Although the two remain closely matched, it is notable that Rio Tinto now sits in fourth place, below Southern Copper and Zijin. Rio Tinto is up 2.2% on the London Stock Exchange so far this year, with a market value of US$140.8 billion. By contrast, Zijin has gained 11% in Shanghai in US dollar terms, while Southern Copper has surged 22% in New York in just eight trading days.
In fact, Rio Tinto and BHP — up 4.6% to US$162 billion — are among the few major miners yet to post double-digit gains in 2026. Investor scepticism surrounding a potential tie-up with Glencore appears to be weighing most heavily on Rio Tinto.
Glencore itself has added 15.2% in London, lifting its valuation to US$73.9 billion.

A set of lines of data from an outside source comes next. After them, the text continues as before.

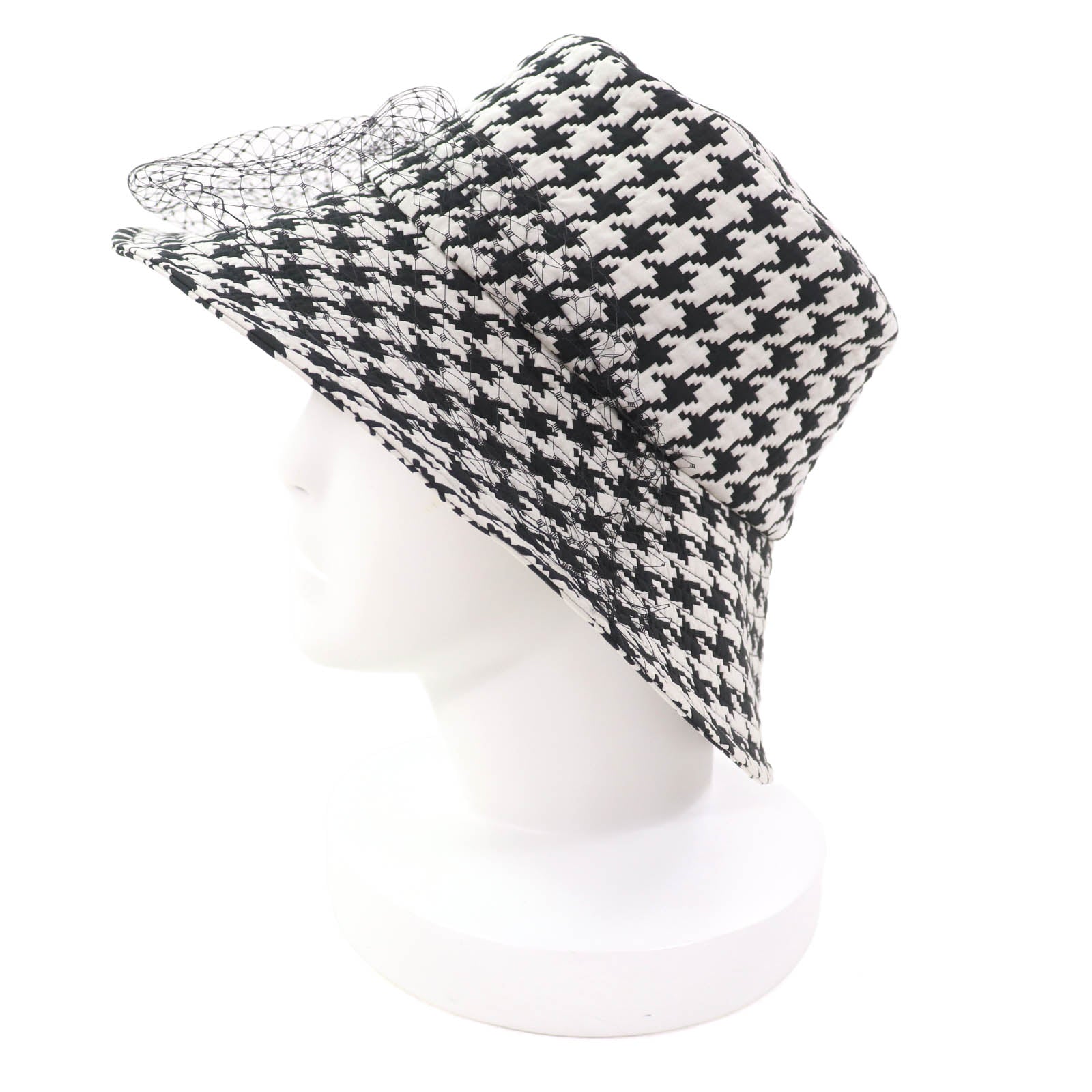 Christian Dior Houndstooth Tulle Hat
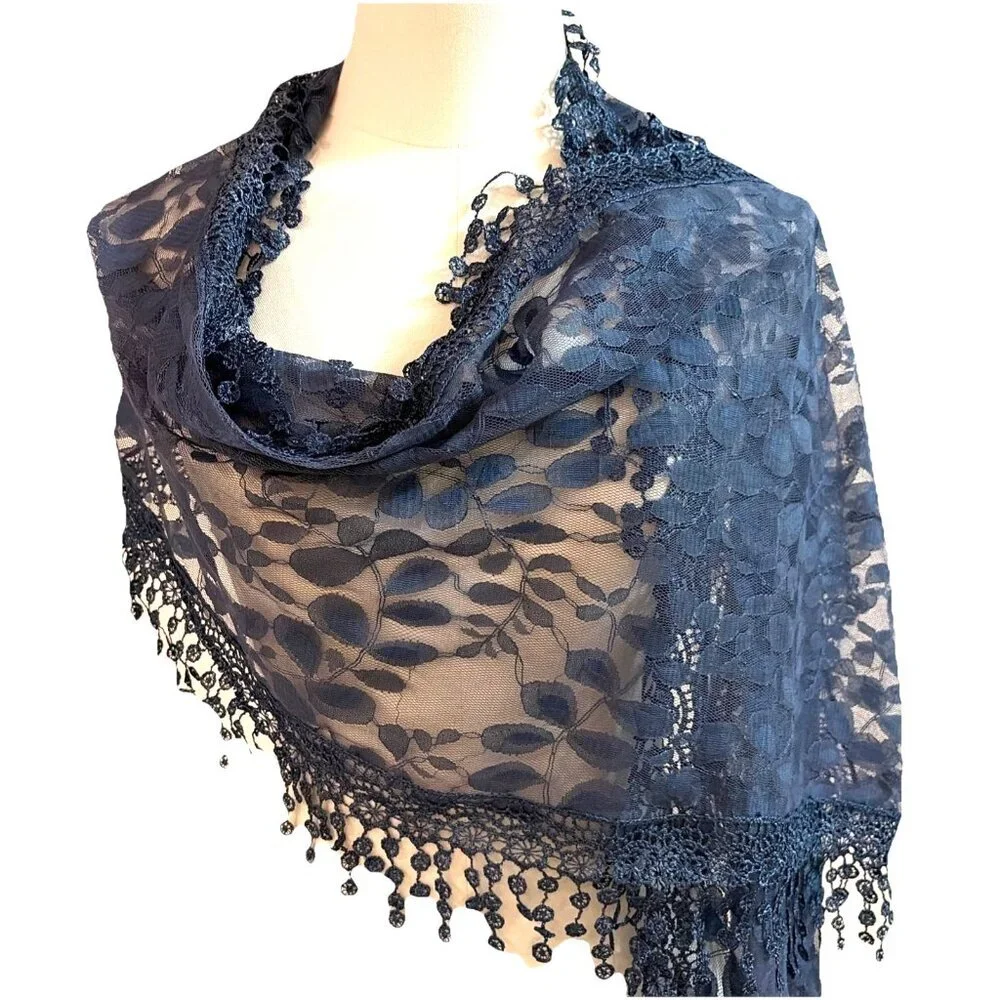 Vintage Leaf Print Sheer Chiffon Scarf Wrap 18X76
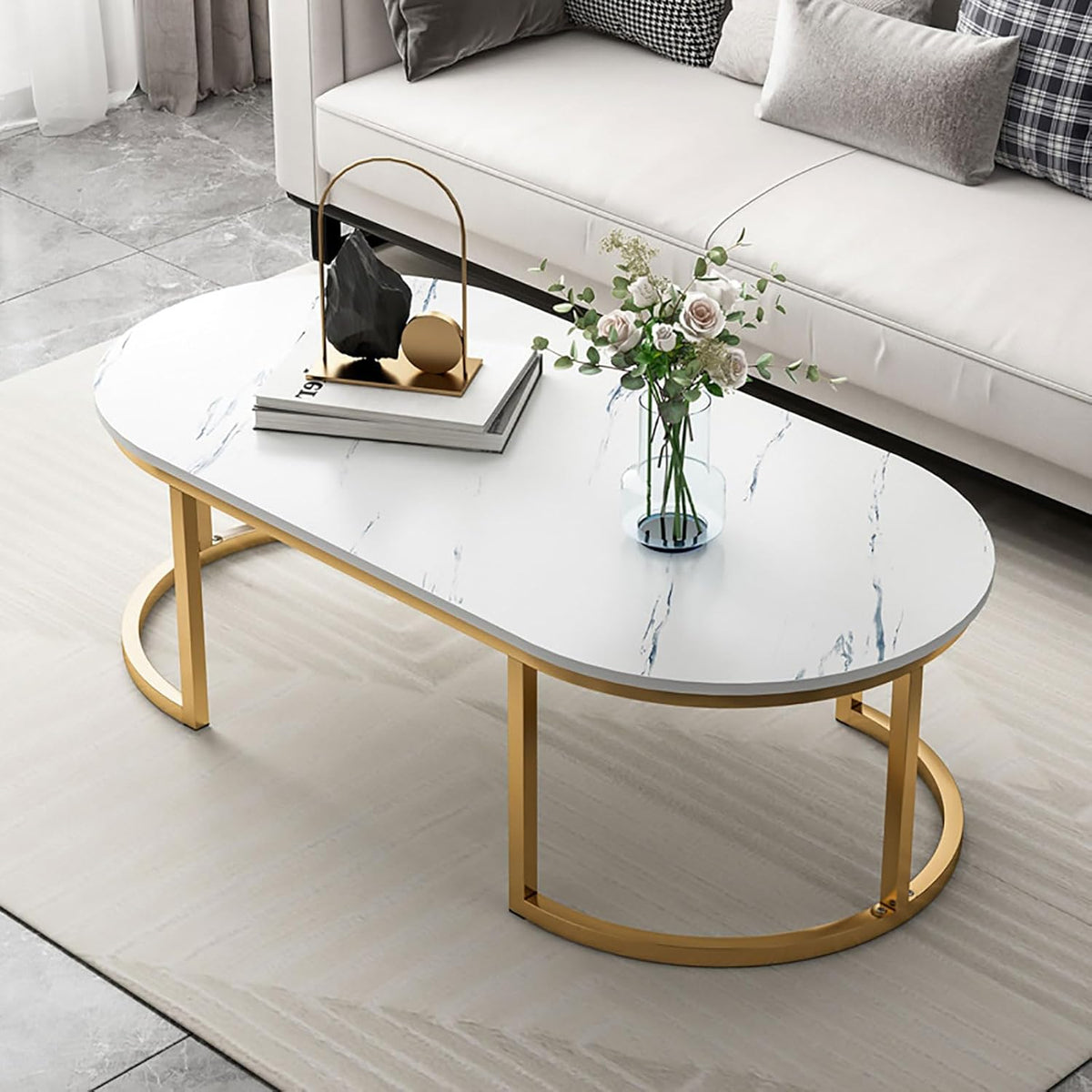 Masuta de cafea ovala, minimalista, design nordic, aspect marmura alba, 120 x 60 x 45 cm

Talks between Baar and Melbourne have been ongoing for more than a year, giving investors ample time to assess the implications.
The downsides of a deal for Rio Tinto — coal considerations aside — appear manageable, while the upside, particularly in copper, is significant. A merged entity would emerge as the world’s dominant copper producer, with attributable output of roughly 1.6 million tonnes annually by 2028, potentially exceeding 2 million tonnes in the early 2030s as Glencore’s projects come online. That compares with around 1.3 million tonnes for both BHP and Chile’s Codelco.
Rio Tinto’s recent appointment of three investment banks suggests clarity on the balance of leverage in any potential deal may soon emerge.
BHP’s more muted performance also appears linked to M&A dynamics, with the company increasingly sidelined after multiple failed attempts over the years — including with Rio Tinto — while rivals pursue consolidation.
A combined “RioCore” entity today would be valued at just over US$200 billion — a figure tech giants like Alphabet can add or shed in a single trading session. It is easy to forget that BHP flirted with this level as far back as April 2022, when it briefly overtook Shell as the most valuable stock on the FTSE.
Trading in two other merger candidates has also been underwhelming. Anglo American (LSE:AAL) is up 5.4% year-to-date, valuing the company at US$46.7 billion, while Teck Resources (TSX:TECK.B) has gained 5.2% to reach US$24.3 billion in Toronto — well outside the top 20.
Despite BHP’s late intervention, an Anglo–Teck deal is edging closer to reality, with EU clearance expected within weeks. At current prices, a combined entity would only just crack the top 10. That AngloGold Ashanti (NYSE:AU) is now worth more than its former parent is unlikely to go unnoticed at 17 Charterhouse Square.
Meanwhile, Vale (BOVESPA:VALE3) has largely been absent from M&A discussions, aside from an operational agreement with Glencore in Canada’s Sudbury Basin. Once the third most valuable miner — and briefly worth more than US$100 billion in 2022 — the Brazilian giant continues to slip down the rankings. An IPO of its base metals unit is unlikely before 2027 at the earliest.
Not long ago, mining’s traditional “big five” — BHP, Rio Tinto, Glencore, Vale and Anglo American — routinely occupied the top five spots and accounted for nearly a third of the Top 50’s total value.
Looking beyond recent performance, longer-term charts paint an even starker picture. Over three- and five-year horizons, it is hard to escape the conclusion that the old guard has struggled to keep pace with the new world of mining.
While copper, gold and other commodity specialists have delivered three-, four-, and even eight-fold gains since 2022, the geographically diversified mining model remains underwater.
And mergers, acquisitions, spinoffs and bolt-ons, it seems, have yet to provide a durable remedy for this persistent underperformance.